The word comes from the Classical Greek word λειτουργία (leitourgia) meaning "public work".
Repetitive formal rites are natural and common in all human activity such as organized sports or social clubs like the cub scouts.
A liturgy inform of public worship practiced by a religious group, according to their particular traditions can range from an elaborate formal ritual such as the Eastern Orthodox Divine Liturgy and Catholic Mass, to the simplicity of the Quaker "liturgy of Silence" or a daily activity such as the Muslim salat, Jewish shacharit and the Christan "Liturgy of the Hours" (better known as the daily office).
Therefore liturgy is a communal response to the sacred through activity reflecting praise, thanksgiving, supplication, or repentance.
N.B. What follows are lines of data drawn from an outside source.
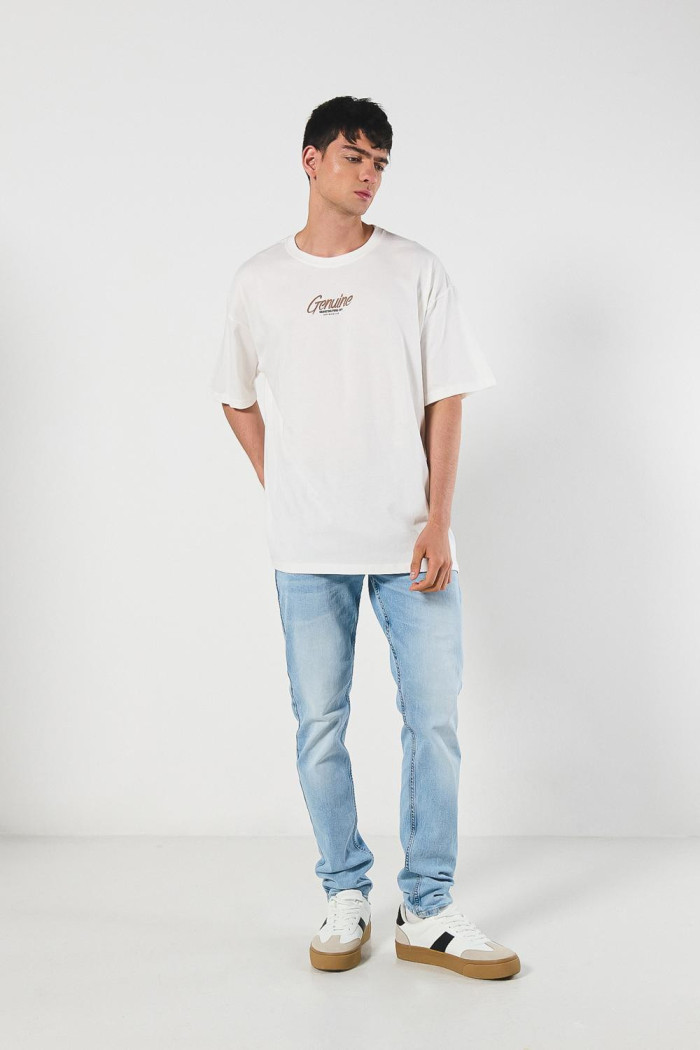 Camiseta manga corta oversize crema con textos estampados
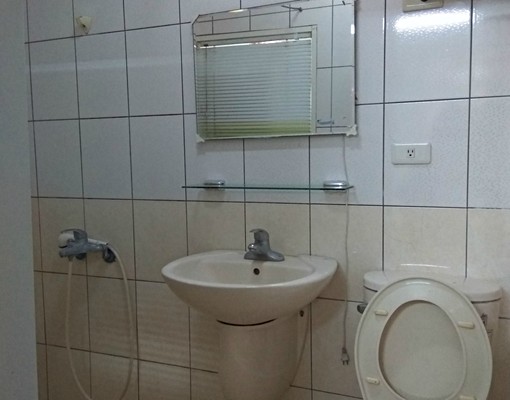 生活機能佳近清華南大區電梯套房附陽台 - Image 2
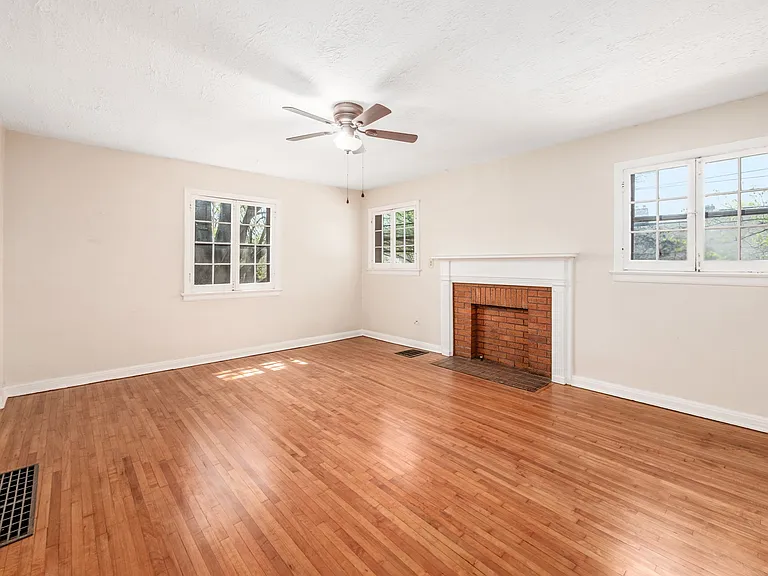134 W Tulane Rd #B — Photo 10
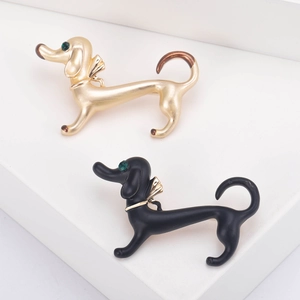 Cute Dachshund Dog Animal Brooch Pin For Women Men Creative Alloy Rhinestone Drip Oil Lapel Pin Fashion Jewelry Accessories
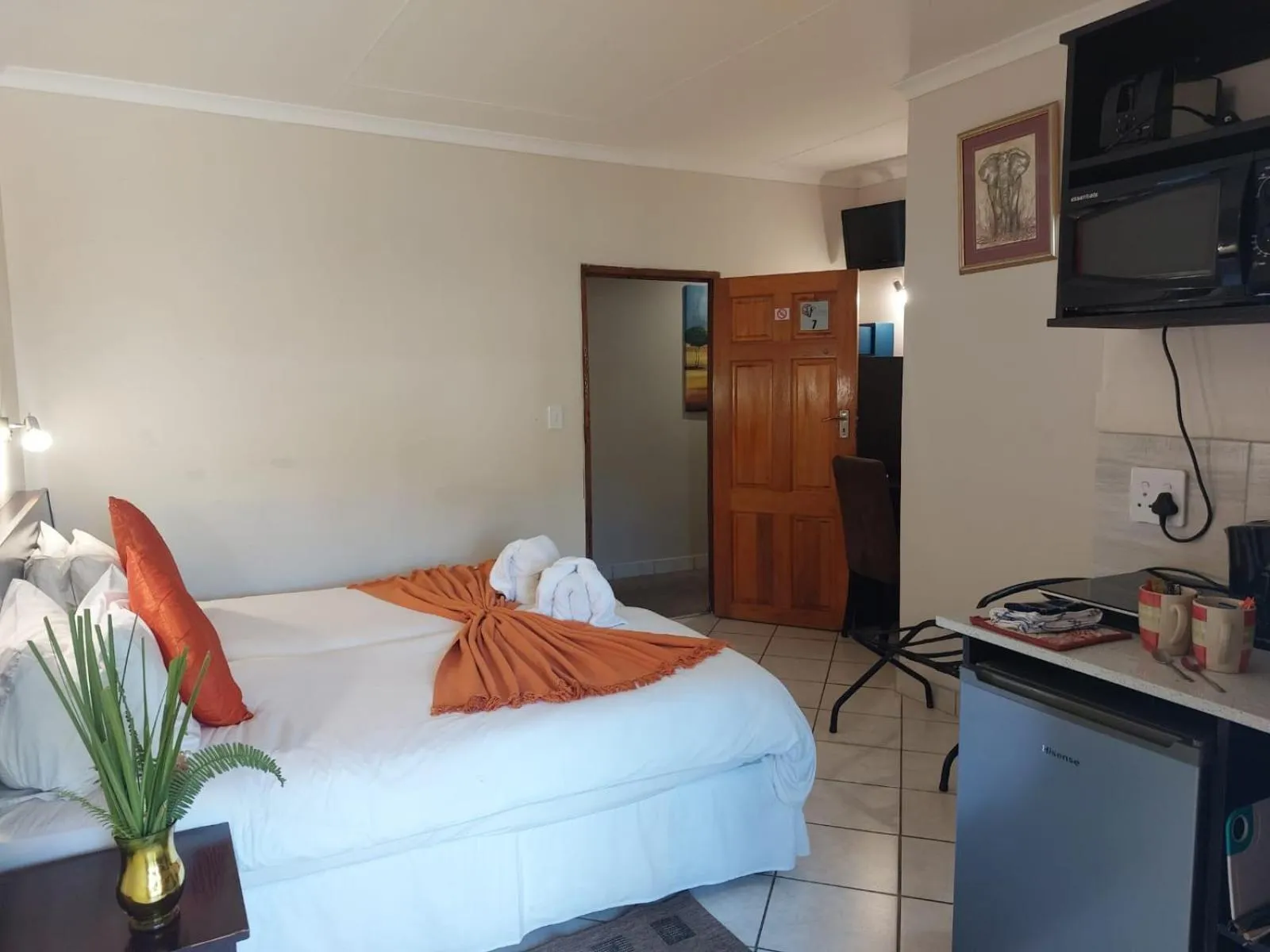 Kitchen or kitchenette, Bed in St Lucia Lodge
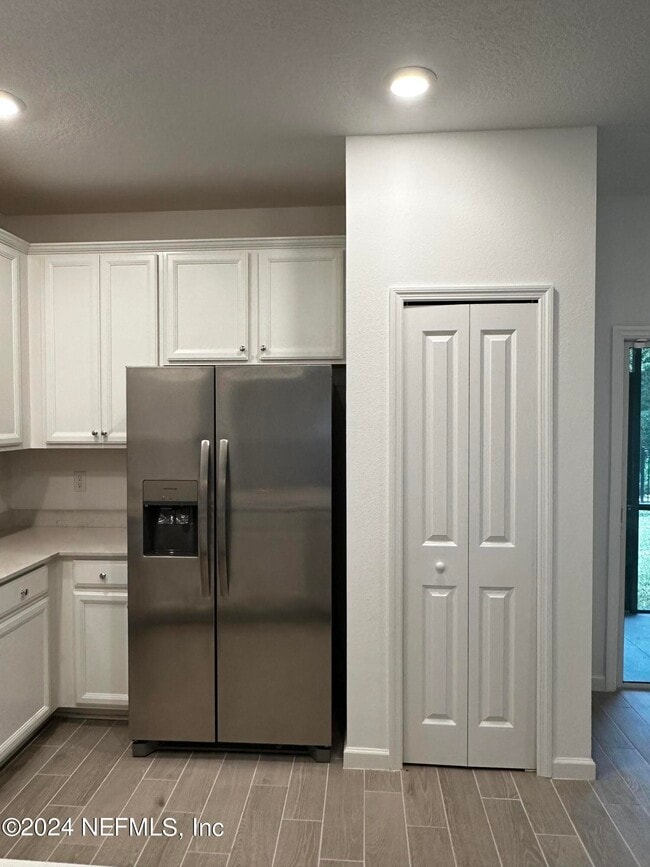 Building Photo - 4338 Leeward Breeze Lp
Ritualization may be associated with life events such as birth, coming of age, marriage, and death.
Christian liturgy is a pattern for worship used (whether recommended or prescribed) by a Christian congregation or denomination on a regular basis.
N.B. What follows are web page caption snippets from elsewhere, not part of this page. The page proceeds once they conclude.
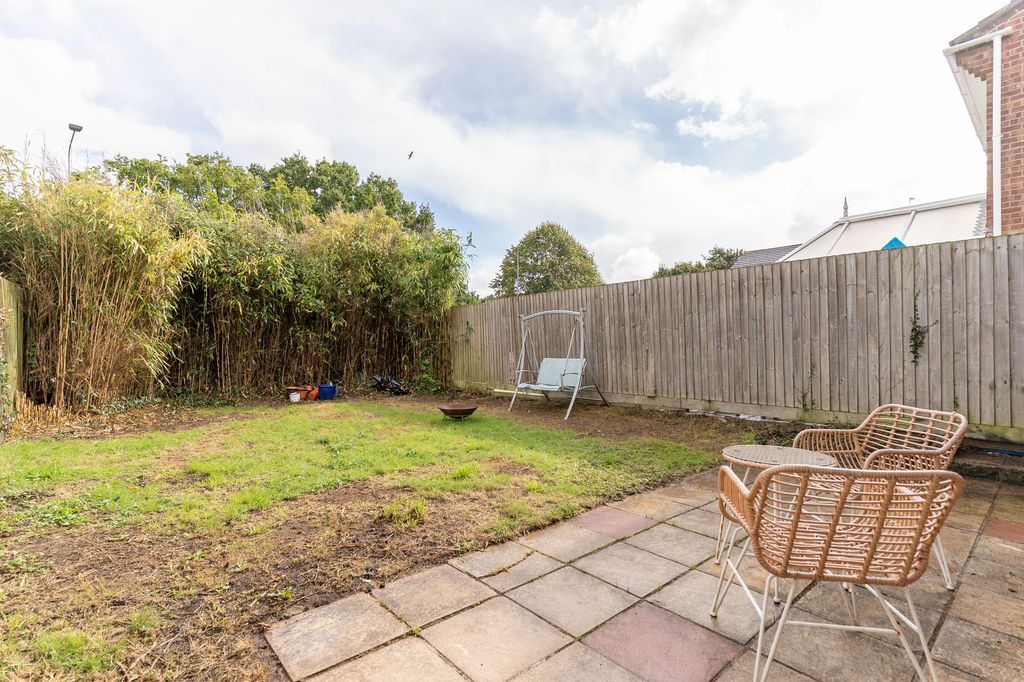 Property photo 2 of 14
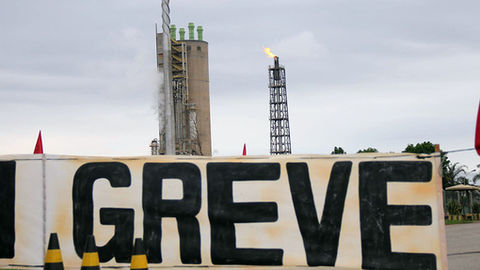 Federação Única dos Petroleiros (FUP) desmobiliza greve mesmo sem avanços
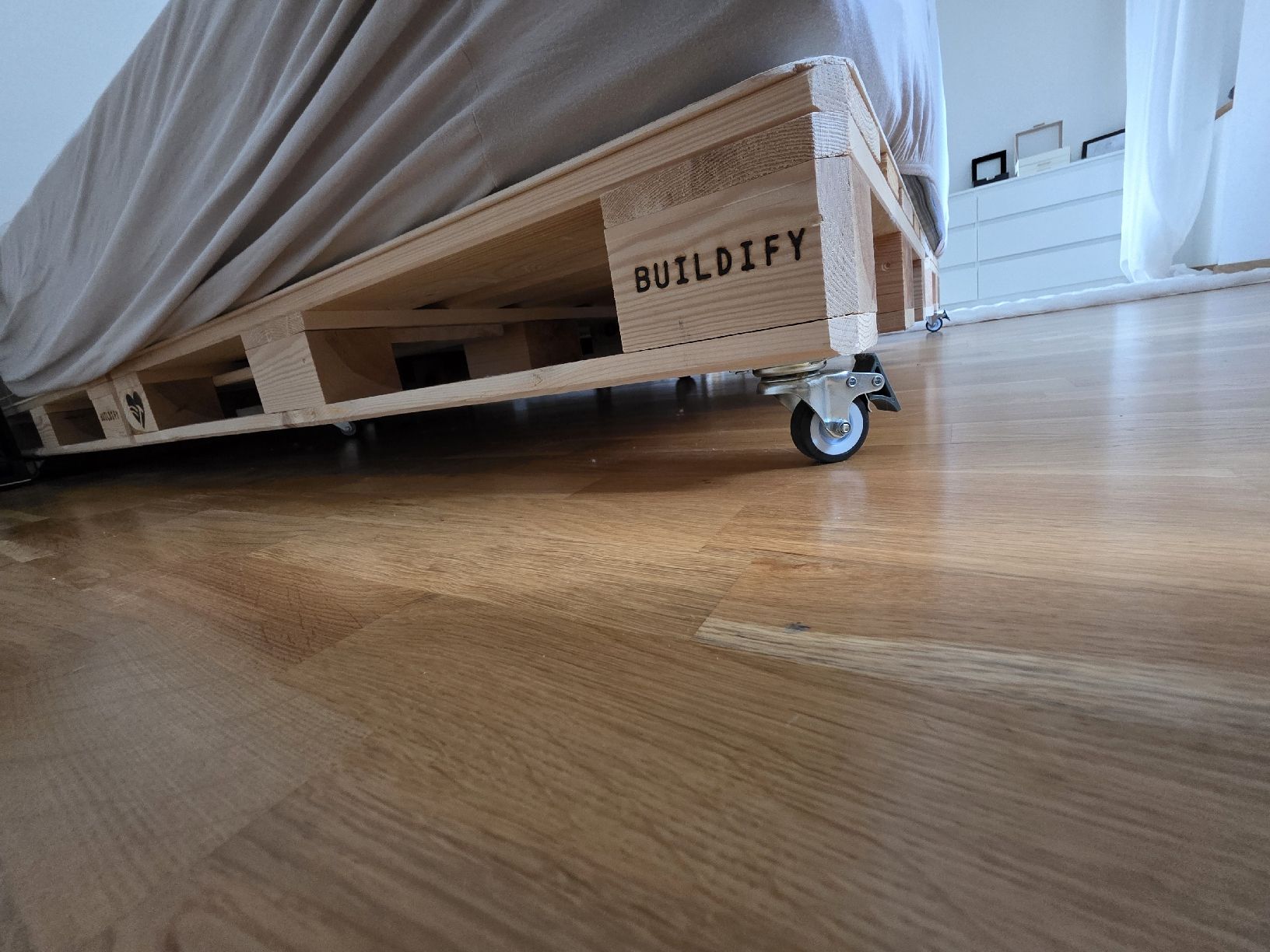 Betten: Bettgestell Palettenbau mit Rollen  – Gebraucht aus Lommiswil von Christian.Laslo 3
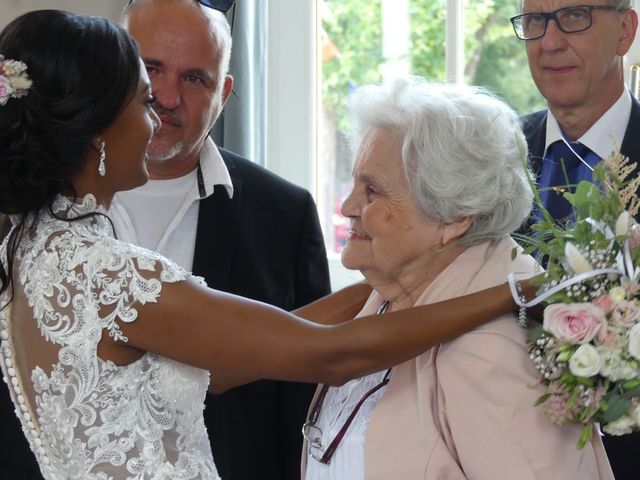 Le mariage de Yann et Dorlys  à Ménilles, Eure 56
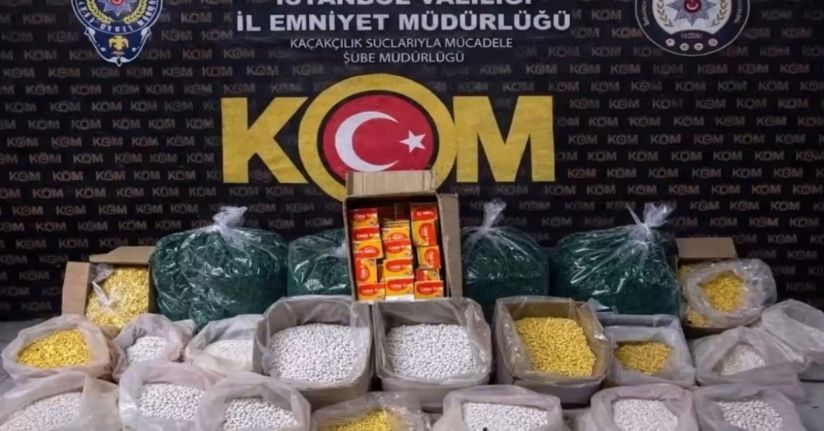 Bayrampaşa'da sahte ilaç operasyonu: 1 milyon 500 bin hap ele geçirildi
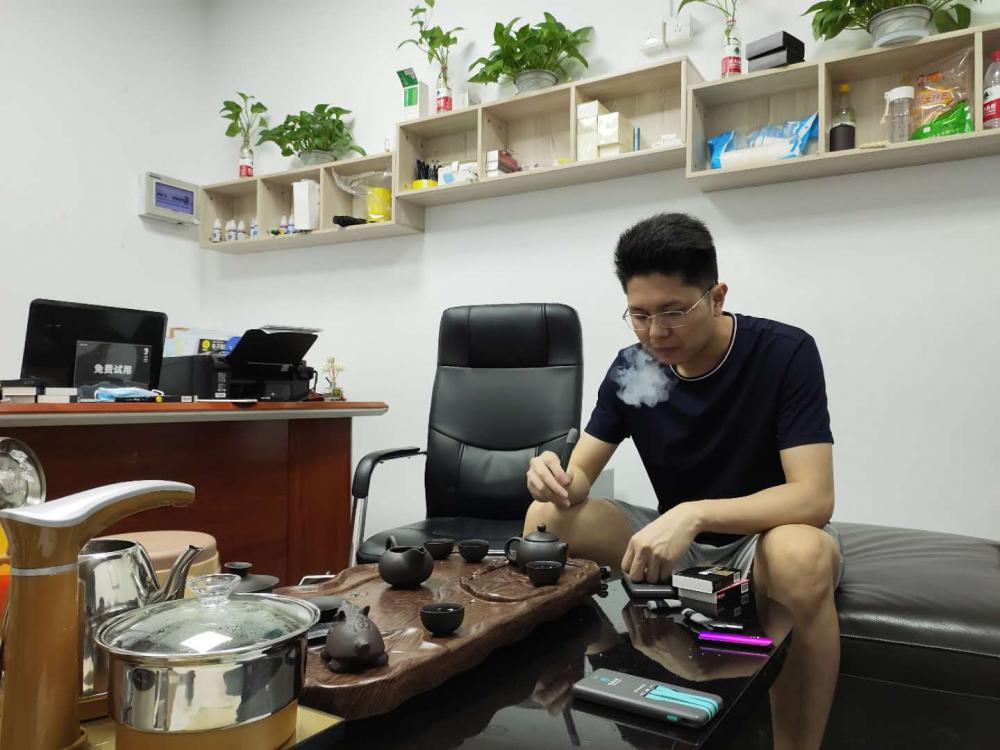 非我故事匯：一個背包兩條腿跑出的百萬市場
The church use of the term comes from its frequent and historic use in the Greek text of the New Testament (eg Acts 13:2). It referred to a public and deliberate, well-defined ceremony. It is often translated as "minister" or "worship" in English language Bibles.
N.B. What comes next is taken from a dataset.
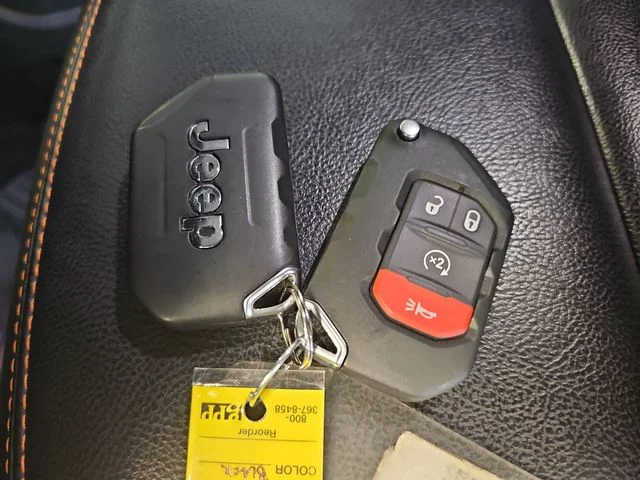 Used 2022 Black Jeep Mojave image 33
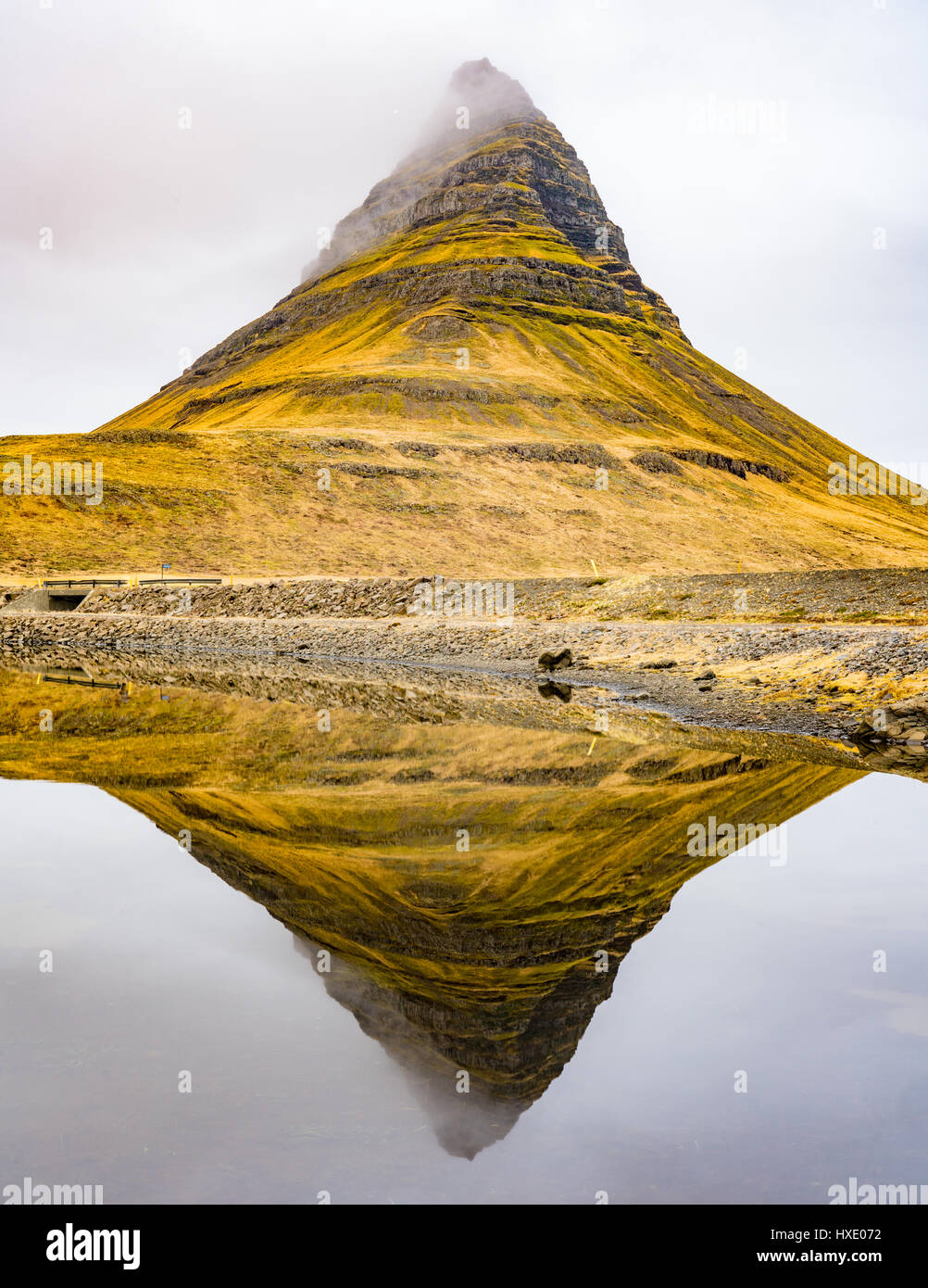 Reflexion des Kirkjufell Berges entlang der Snaefellsness-Halbinsel in Island Stockfoto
Often in Christianity a distinction is made between "liturgical" and "non-liturgical" churches based on the complexity or age of the tradition, but this confuses the universality of public worship. In fact even the simple "order of service" in a Baptist church is liturgical.
Simply, the term "the liturgy" refers to a standardized order of events observed during a religious service, be it a sacramental service or a service of public prayer.